7 novembre 2017
pubblicato da Il Ponte

Bielorussia: l’Europa che non c’è

di Stefano Lanza

Nel 2005 un inventivo speechwriter suggerisce all’allora segretario di Stato americano, Condoleezza Rice, l’espressione outposts of tyranny («avamposti della tirannide») per indicare sei paesi del globo caratterizzati da regimi totalitari. Nel frattempo ci sono state fluttuazioni, riavvicinamenti (per esempio la distensione tra Stati Uniti e Cuba o il breve disgelo con l’Iran nella presidenza Obama) e riallontanamenti, cosicché forse il numero delle «società della paura», le fear societies contrapposte con fine assonanza alle free societies, le «società libere», si può considerare a oggi invariato. Nel gruppo di irriducibili sarebbero dunque da confermare – salvo cambiamenti intercorsi a decorrere dalla stesura del presente contributo – tre Stati asiatici (l’immancabile Corea del Nord, l’Iran, la geopoliticamente più defilata Birmania), uno africano (lo Zimbabwe), Cuba e la Repubblica di Bielorussia. Da considerarsi probabilmente implicita aggravante è che quest’ultima è una nazione europea, il continente cioè dove ha avuto i natali la democrazia e dove sono stati posti i principi del libero pensiero e dei diritti della persona, uomo e cittadino.

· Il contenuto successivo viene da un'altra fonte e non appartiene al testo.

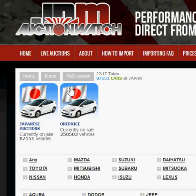Hi there, this is Paddy from JDM Auction Watch. This is a quick video on how to log in to our website, how to search for cars, and how to place a bid.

Presidente della Bielorussia è Aliaksandr Lukashenka (o anche Lukashenko, Lukašenko, a seconda della traslitterazione dal cirillico1), politico sessantenne cui bisogna riconoscere, se non la coerenza, almeno una certa resilienza. Parlamentare nel 1990, l’unico oppostosi all’Accordo di Belavezha per la dissoluzione dell’Unione Sovietica, ebbe buon gioco quale presidente della commissione anti-corruzione nel denunciare una settantina tra politici e funzionari suscitando uno scandalo nazionale che portò all’indizione delle presidenziali nel 1994. Già vincitore in pectore al primo turno con il 44,8% dei voti, superò al ballottaggio il suo avversario, allora premier e in un primo tempo dato per favorito, con uno schiacciante 80,1%. Va detto che in questa occasione gli osservatori internazionali non avanzarono critiche su un possibile carattere antidemocratico delle elezioni e anche l’equilibrata rivista online di cose bielorusse, il «BelarusDigest», le ha definite come «prime e uniche relativamente democratiche».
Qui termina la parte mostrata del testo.